The medical report we received from our adoption agency was quite extensive, and after meeting and speaking with several medical staff members in her care home, the report seemed fairly reputable and accurate (this is not always the case with international adoptions). In fact, one of the most accurate lines in her medical record—even after being translated from Bulgarian—still holds true today (though it could apply to most children at any point in time): “Reacts to prohibition with displeasure.”

We quickly learned what’s on two-dimensional paper in black and white and what happens when that multidimensional child and all her history—knowns and unknowns—collides with a completely different culture and environment. When that child becomes part of a family. When that child is given opportunities to grow and thrive in ways her care home, as competent and compassionate as its staff seemed to be, could not offer.

Over the past five years, we’ve probably seen 20-30 different doctors, specialists, therapists, and more. Some have been expected. We had been advised by the medical director of her care home to follow up with a neurologist and an orthopedic specialist for her CP, and we’ve seen several orthopedists—including a surgeon who performed double hip surgery on her in 2016—and do yearly or as-needed visits with a neurologist. But some have been unexpected. When she was four, we were referred to a sports medicine doctor for a knee condition which showed up on an MRI.

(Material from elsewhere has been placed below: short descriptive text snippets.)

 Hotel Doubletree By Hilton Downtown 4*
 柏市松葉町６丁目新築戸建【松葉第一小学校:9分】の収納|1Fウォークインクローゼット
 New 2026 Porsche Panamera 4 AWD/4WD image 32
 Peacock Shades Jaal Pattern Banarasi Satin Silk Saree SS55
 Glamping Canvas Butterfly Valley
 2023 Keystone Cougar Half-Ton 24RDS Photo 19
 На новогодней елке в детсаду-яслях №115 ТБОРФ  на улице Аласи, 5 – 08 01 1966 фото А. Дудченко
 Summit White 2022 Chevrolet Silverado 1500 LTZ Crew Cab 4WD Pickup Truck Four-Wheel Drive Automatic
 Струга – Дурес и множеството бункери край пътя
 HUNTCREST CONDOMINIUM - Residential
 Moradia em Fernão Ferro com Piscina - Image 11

Also since her arrival to the US in 2013, she’s had three sets of ear tubes surgically placed. These are quick and easy surgeries, but her consistently poor results on audiological tests even after having new, clear tubes led our ENT (ear, nose, and throat specialist) to refer us to the genetics department at Children’s Hospital of Philadelphia (CHOP). His hope was that we’d find an underlying cause or condition responsible for her hearing loss, and to determine if that condition is progressive (because she had a comprehensive brain MRI, we were able to look at those images and rule out any nerve damage or other physical “misconnections” responsible). Knowing her complex needs, he also hoped we might find a genetic “diagnosis” that would tie together all her many loose ends. I was hopeful for the same, but if I’ve learned anything as a special needs parent, it’s that things are rarely easily explained, able to be neatly packaged, or simple. There are acronyms for just about everything, and I’m now well-versed in the alphabet soup of the special needs & adoptive parenting parenting world.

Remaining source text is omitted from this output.